The Bank of Canada has raised its key interest rate by point five per cent. This is the highest amount in more than 20 years. The bank also warned more rate hikes are coming as it increased its outlook for inflation. 

On April 13, the central bank hiked its policy interest rate by half a percentage point, bringing it to one per cent. 

Airdrie-Banff Member of Parliament (MP), Blake Richards, says increases like this one won’t come without its impacts. 

“When you've got rate increases like this, it's going to have an impact on a lot of things. Probably the biggest is our mortgage on our home. We're already seeing huge increases in housing prices.” 

Richards says many people might be looking to get into their first home, and this won’t help. 

“The more you see rate increases, the more you're going to see the mortgage rate increase, and the more difficult it gets for people to actually have that opportunity. It will have some pretty massive impacts, there's no doubt.” 

Richards says inflation was one of the reasons for the increase. 

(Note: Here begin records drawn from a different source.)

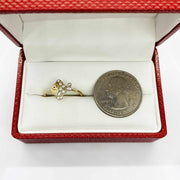 14k Gold ring with fish shape design in a red box next to a quarter for size comparison.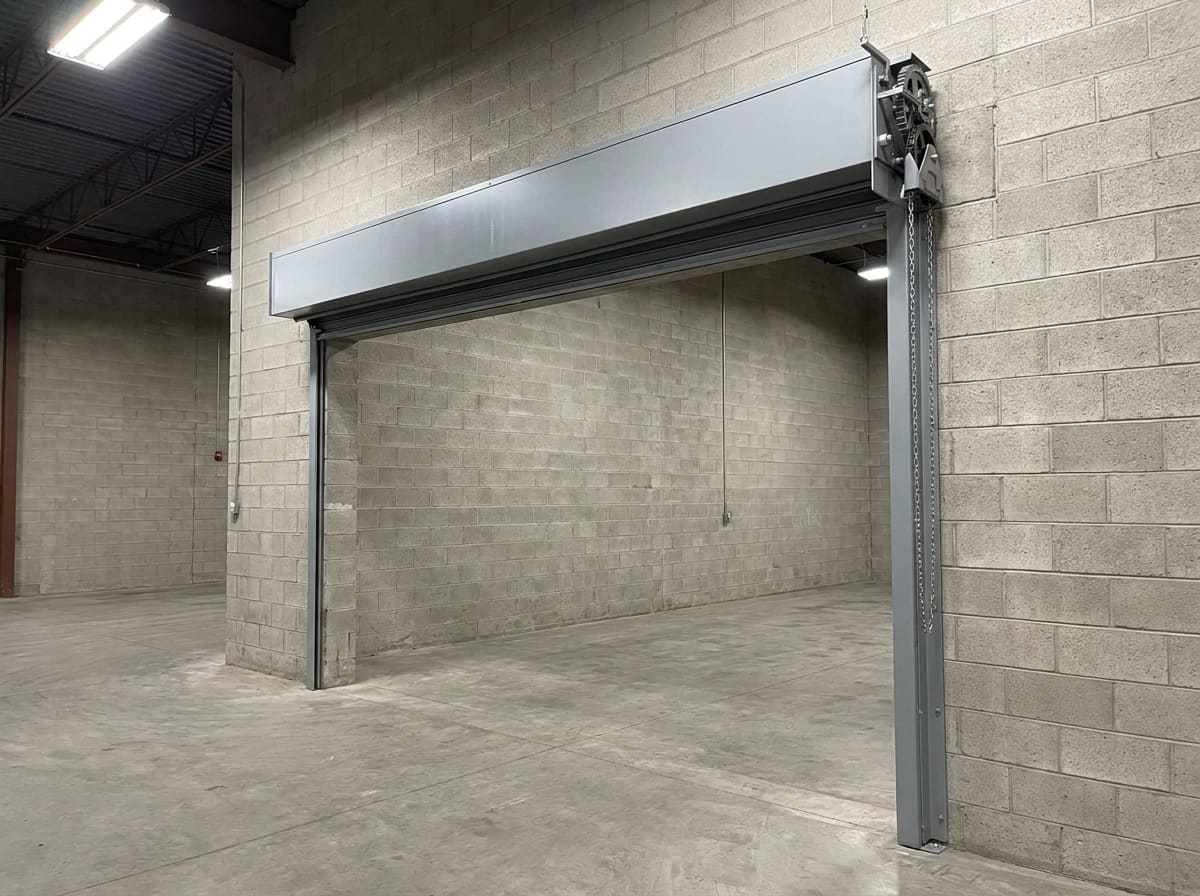A rolling steel fire door rolled up into its boxed steel hood above an opening in a concrete block fire wall, with side guides running down both jambs and the release governor and its chain on the end bracket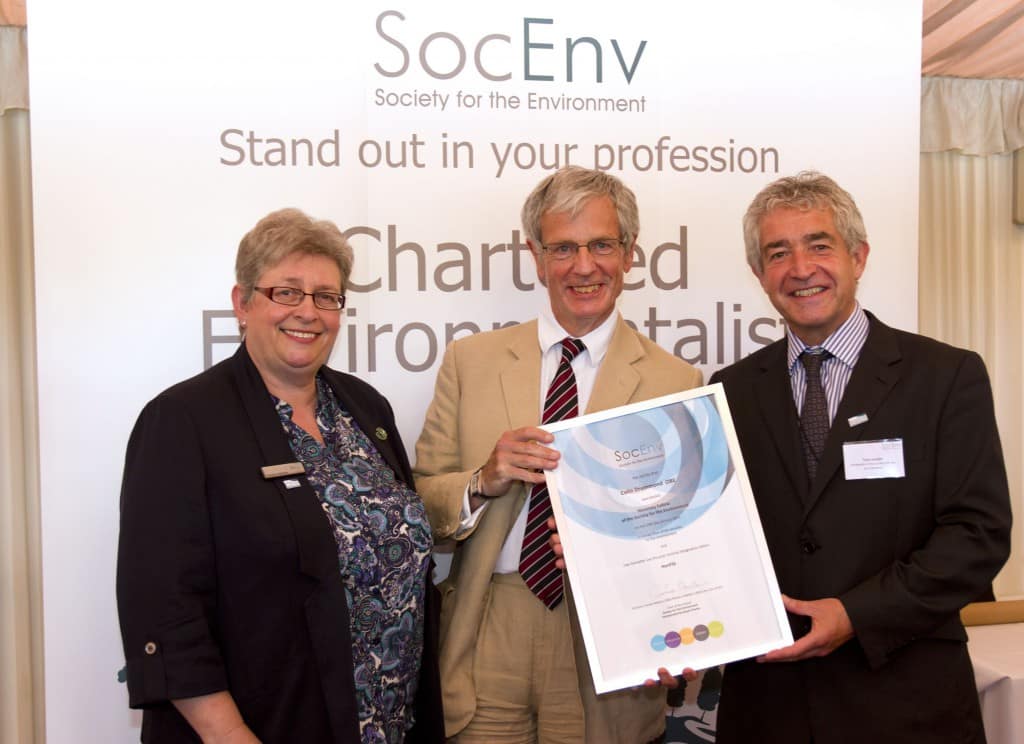 Colin Drummond receives his honorary fellowship from Society for the Environment chair Carolyn Roberts and president Tony Juniper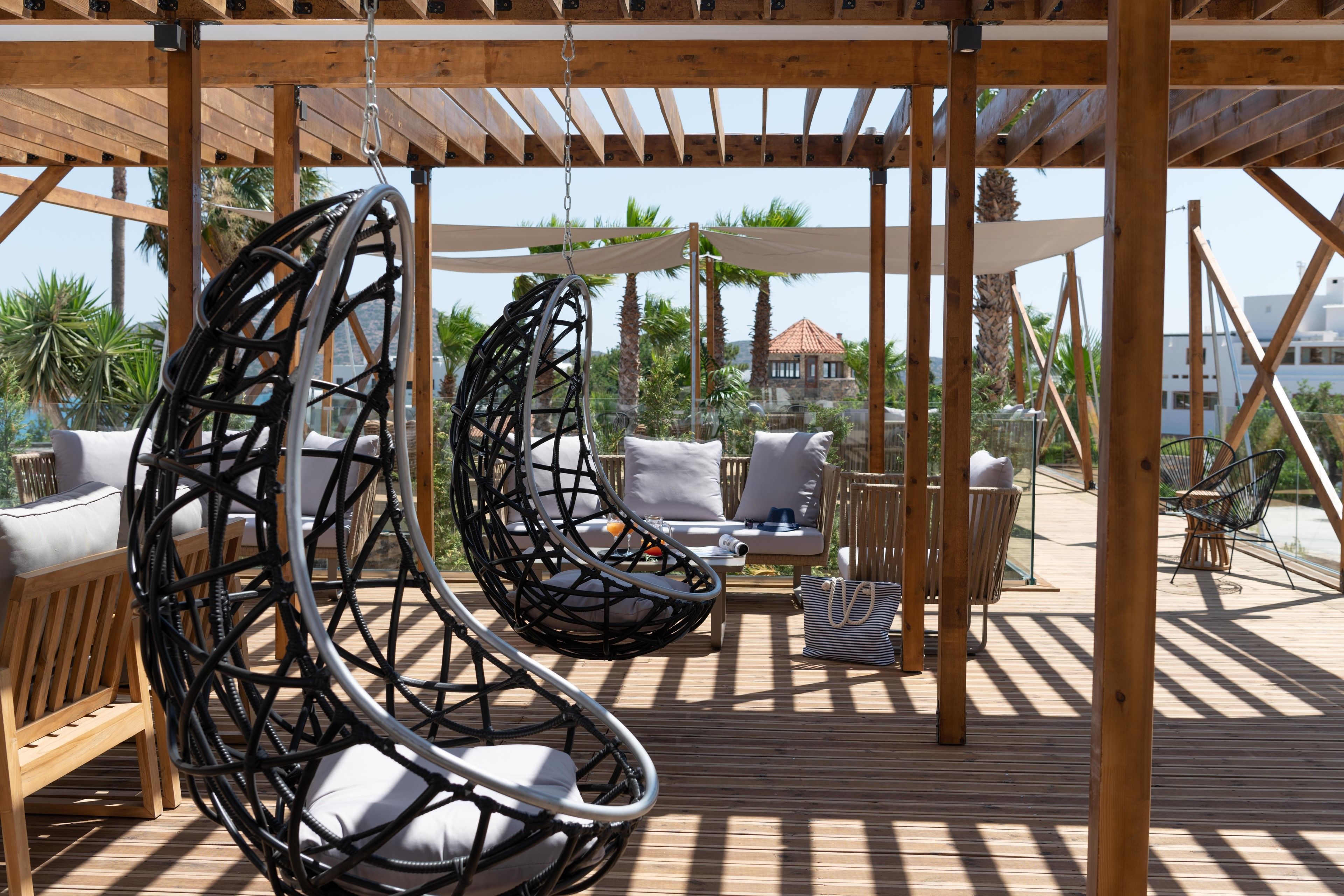 Una terraza de madera con sillas colgantes y un sofá, palmeras y un edificio al fondo.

“The cause of the inflation is all the money the government spent. That's squarely on Justin Trudeau’s shoulders. We're seeing inflation driving up the cost of everything that we need, especially our essentials.” 

Richards says Trudeau is making life more expensive and less affordable for all Canadians and says “it's about time this government gets responsible with the way they manage their finances.” 

The last time the central bank raised its key interest rate by half a percentage point was in May 2000.